Qarion's AI-assisted features are designed to reduce manual governance work while keeping humans in control. Generated content is treated as a draft, recommendation, explanation, or triage signal that users can review before applying.

Discovery and Documentation

AI Copilot

The AI Copilot answers natural-language questions with catalog, lineage, quality, issue, and governance context. In tool-assisted mode, the Copilot can use approved Qarion API tools to search products, inspect product details, traverse lineage, and summarize quality status. Responses include sources so users can verify the underlying records.

Description Generation

Product and field descriptions can be generated from metadata such as names, schema fields, data types, tags, ownership, environment, and lineage. Users review and edit generated descriptions before saving them to the catalog.

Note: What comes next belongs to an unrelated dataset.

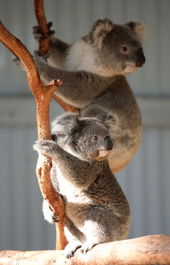 Waterways Wildlife Park - Hervey Bay Accommodation 1
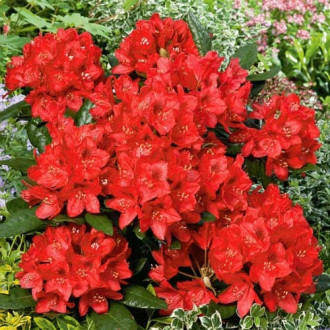 Rododendron Red Jack kép 1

When embeddings are configured, catalog and documentation search can use semantic matching in addition to keyword search. This helps users find assets even when they describe the business concept rather than the exact table or column name.

Data Workflows

AI Query Writer

The Query Editor includes an AI Query Writer that can generate SQL from natural language, explain existing SQL, and refine a query with follow-up instructions. Generated and refined SQL is validated before insertion and is never executed automatically.

AI Classification

AI classification suggests field-level sensitivity, PII, PHI, and tag classifications. Suggestions can combine pattern matching, lineage signals, and LLM analysis, then move through a review workflow before being applied.

Quality Check Suggestions

AI quality suggestions recommend checks based on product schema, field types, metadata, and existing monitoring gaps. Stewards can review each suggestion before creating live quality checks.

AI Anomaly Explanation

For anomaly or trend alerts, Qarion can gather context from sync events, upstream anomalies, recent quality failures, and schema drift, then generate a root-cause hypothesis with confidence and contributing factors.

Governance and Operations

AI Impact Assessment

AI impact assessment summarizes the likely risk, business impact, affected downstream products, contracts, owners, and recommended actions for product changes or issue investigations. Streaming variants show planner progress while the assessment is generated.

Ticket Triage and Tagging

Issue tickets can receive AI-generated triage suggestions, including priority, root-cause category, assignee rationale, and tags. Users review suggestions before accepting them into the issue workflow.

AI Steward

The AI Steward scans a space for governance work that needs attention, normalizes action items into an inbox, and can summarize the queue. It helps stewards focus on missing descriptions, stale metadata, classification work, and other maintenance tasks.

AI Change Log

For AI products, Qarion can generate Annex IV-aligned change log entries from product snapshots, audit events, version milestones, and training run history. The generated markdown is a draft for model owners or compliance reviewers to edit and approve.

Standards Artifact Generation

Architecture standards pages can produce AI-generated artifact proposals for review. Proposals are validated before users apply them as attachments or prepare repository rollout.

Administration and Controls

Feedback Loop

AI outputs can collect structured feedback such as thumbs up, thumbs down, accept, edit, and reject. Admin dashboards aggregate acceptance rates by feature so teams can identify weak prompts, missing context, or high-value workflows.

Logs, Usage, and AI Ops

AI interactions are logged with feature, model, status, token usage, guardrail metadata, and workflow links where available. Admin AI Ops pages surface usage, failures, guardrail impact, workflow runs, and evaluation status.

Guardrails and Budgets

Qarion supports product-scoped guardrails, runtime guardrails, feature gates, token reservations, daily limits, and admin budget controls. These controls keep AI features observable, permission-aware, and aligned with tenant policies.

Provider and Embedding Configuration

Superadmins configure LLM providers, model routing, and embedding providers from the admin area. Embeddings can power semantic search for catalog and documentation content, while LLM configuration powers generation, triage, and Copilot workflows.